Dataset records =>
|---|
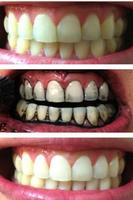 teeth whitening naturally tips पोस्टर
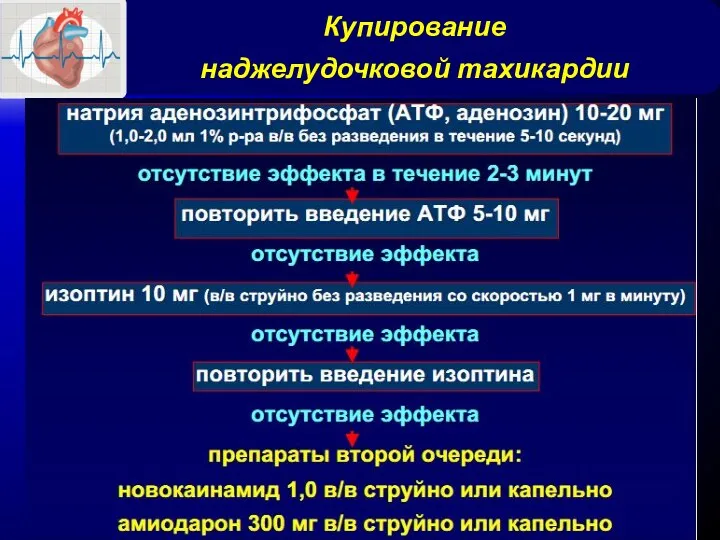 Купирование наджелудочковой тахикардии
|---|
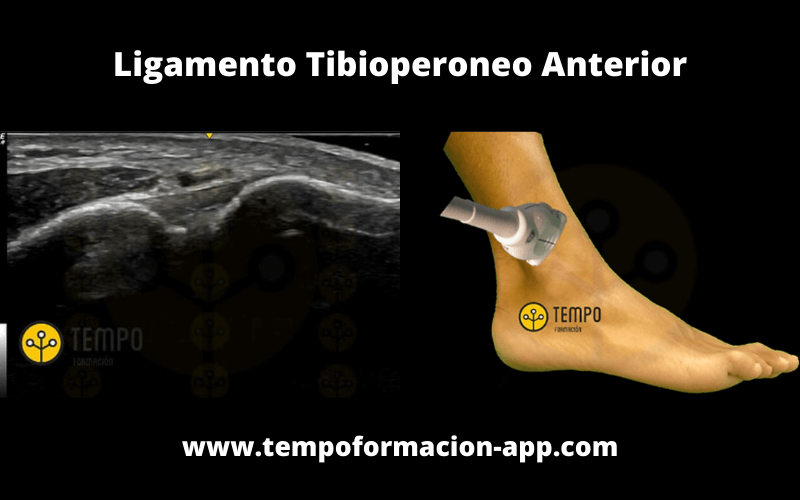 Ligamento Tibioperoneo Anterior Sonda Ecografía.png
|---|
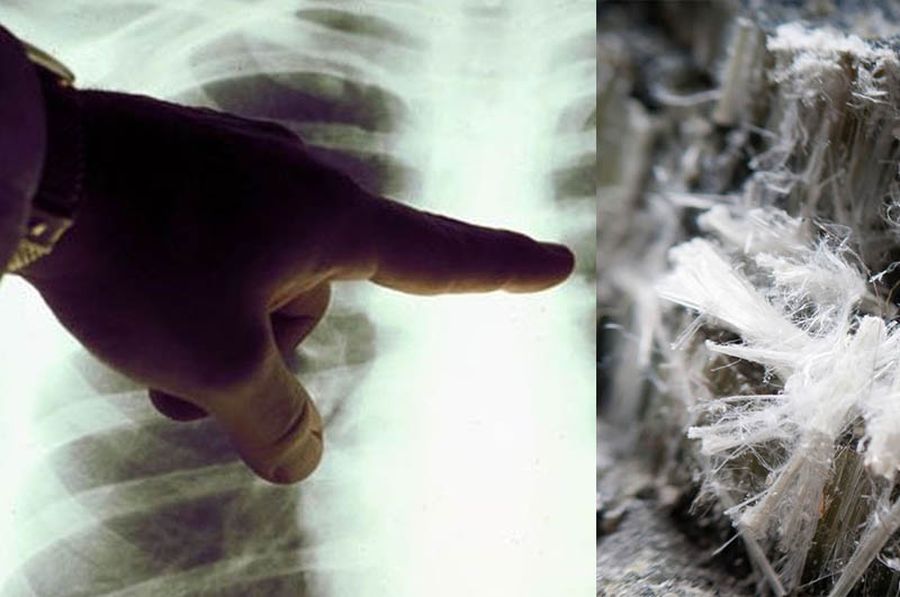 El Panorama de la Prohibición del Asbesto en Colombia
|---|
Aim of the exercise => Within the listing above, copy exactly the lines that start at the one with "teeth whitening naturally tips पोस्टर" and continue through the one with "Купирование наджелудочковой тахикардии". Omit pictures.

Output below =>
 teeth whitening naturally tips पोस्टर
 Купирование наджелудочковой тахикардии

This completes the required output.